Ocergy

Ocergy Foundation Technology Picked for Salamander Pre-FEED Design

Contracts & Tenders

A joint venture between Simply Blue Group, Subsea 7, and Ørsted has awarded Ocergy with a pre-FEED foundation design contract for its 100 MW Salamander floating offshore wind project in Scotland.

Ocergy

Last year, Salamander signed a memorandum of understanding (MoU) with Ocergy to evaluate its foundation design for the development in northeast Scotland.

The project will feature Ocergy’s OCG-Wind foundation technology which was developed to support very large wind turbines (>10MW) and designed for the development of large-scale wind farms.

The company’s floating technology is targeting a levelised cost of energy (LCOE) that can start to drive reductions in floating offshore wind farms to eventually be competitive with fixed offshore wind farms, according to the press release.

“This project will demonstrate that the premise of delivering one unit per week, week after week is achievable. This is the last major industry hurdle before the deployment of large, commercial-scale, floating wind projects”, said Dominique Roddier, Ocergy’s CEO.

OCG-Wind is a semi-submersible platform designed to utilise the industrial performance of hull fabrication and assembly through the maximisation of the local supply chain.

The hull is made of three outside circular columns connected mechanically with trusses to a central column that supports the wind turbine.

Source: Ocergy

A feasibility study considered all aspects of the design, technical performance, fabrication, assembly, operations and installation of the OCG-Wind for Salamander.

It also reviewed the compatibility of the OCG-Wind platform to the site, inclusive of performance, supply chain, and local content management, as well as identified schedule risks and overall project costs.
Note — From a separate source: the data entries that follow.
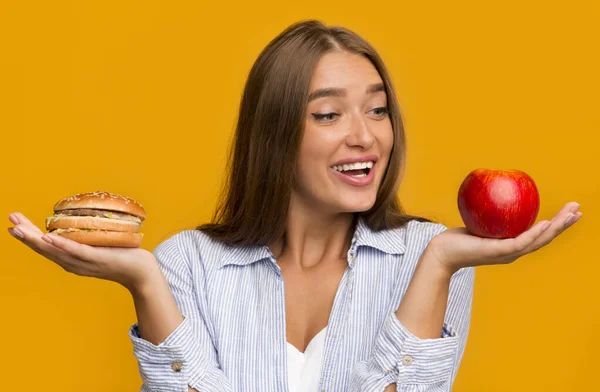 Menina com fome em pé escolhendo entre maçã e hambúrguer, fundo amarelo — Fotografia de Stock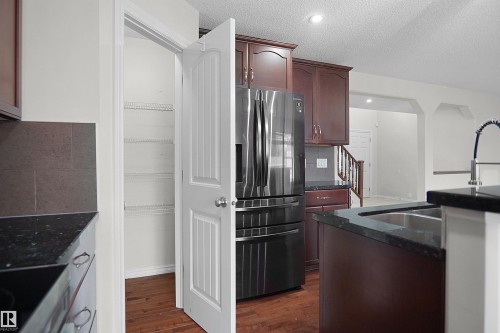 Cherry-finish cabinetry with dark countertops, stainless steel appliances, and a double basin sink with a high-arc faucet - 8432 18 Avenue Sw, Edmonton, AB - Indoor Photo Showing Kitchen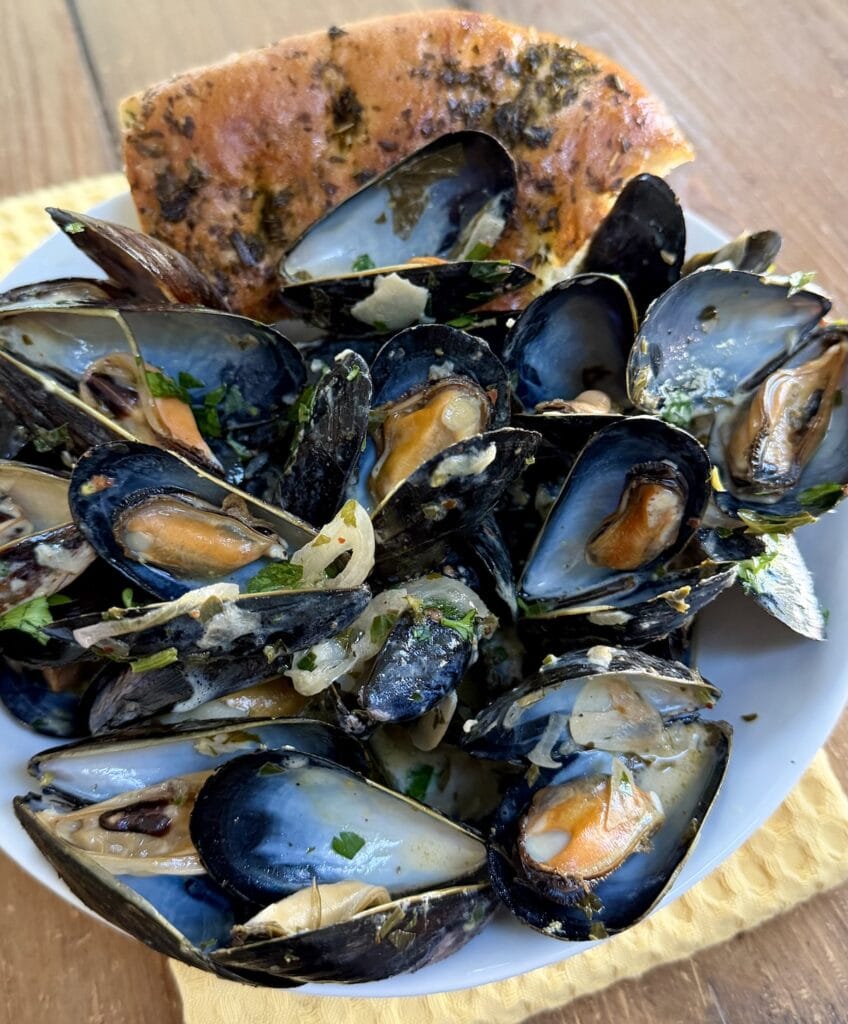 White wine mussels with focaccia in serving bowl.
This feasibility study will now progress to the pre-FEED phase, according to the press release.

“We aim to provide access to double the number of Scottish port facilities over some traditional floating concepts due to lower draft requirements”, said Huw Bell, Salamander Project Director.

“We also expect a scalable fabrication and assembly process, suitable for commercial scale deployment as well as decreasing fabricated steel mass by around a third, which will reduce the cost of energy whilst also providing potential for local fabrication.”
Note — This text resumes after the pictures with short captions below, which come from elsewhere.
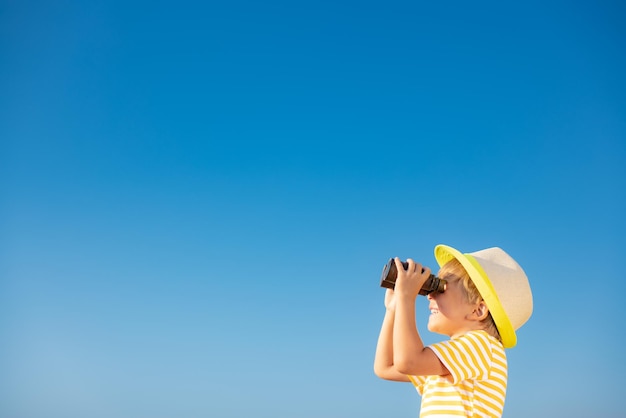 Happy child looking through binoculars against blue sky. Kid having fun outdoor in summer. Adventure and travel concept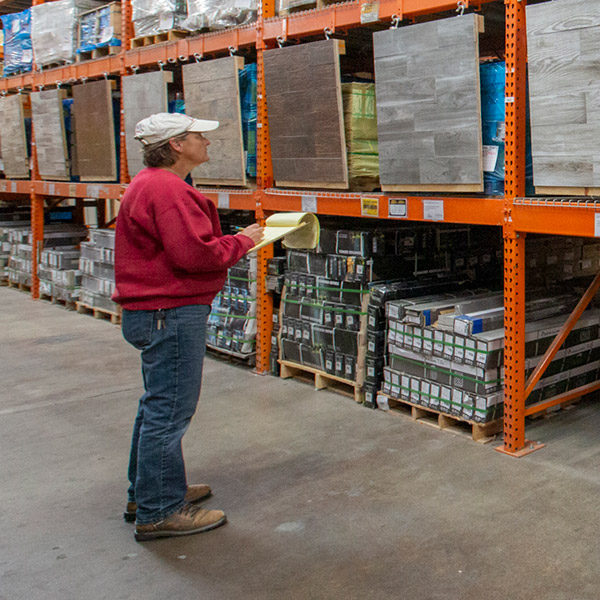 Contractor standing in front of pallettes in a Home Depot aisle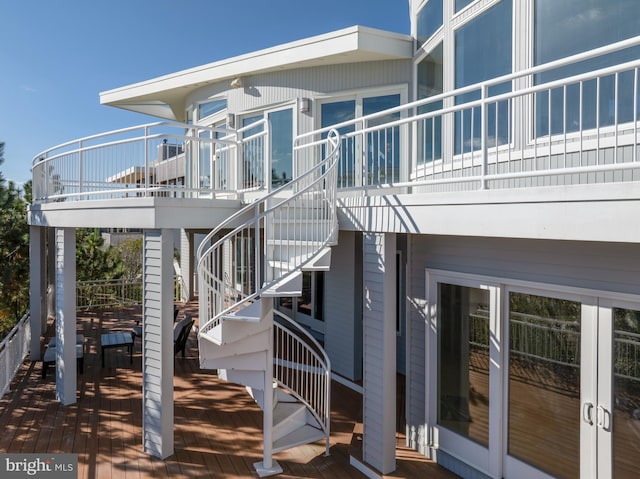 101-E Long Beach Blvd, Long Beach Township, NJ 08008 - view of property exterior with stairway and a wooden deck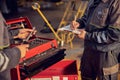 Aircraft mechanics staying in the aviation hangar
Located 35 kilometres off Peterhead, the Salamander floating offshore wind project is designed to provide the Scottish supply chain with an early capacity development opportunity, enabling it to play a much greater role in subsequent large-scale floating offshore wind buildout.

The project, for which geophysical and environmental survey works were completed at the beginning of this month, is intended to be progressed through the innovation track of Crown Estate Scotland’s Innovation and Targeted Oil and Gas (INTOG) leasing round.

The 100 MW Salamander was first announced last year by Simply Blue Energy and Subsea 7. Earlier this year, Ørsted joined the joint venture and acquired a majority stake in the project.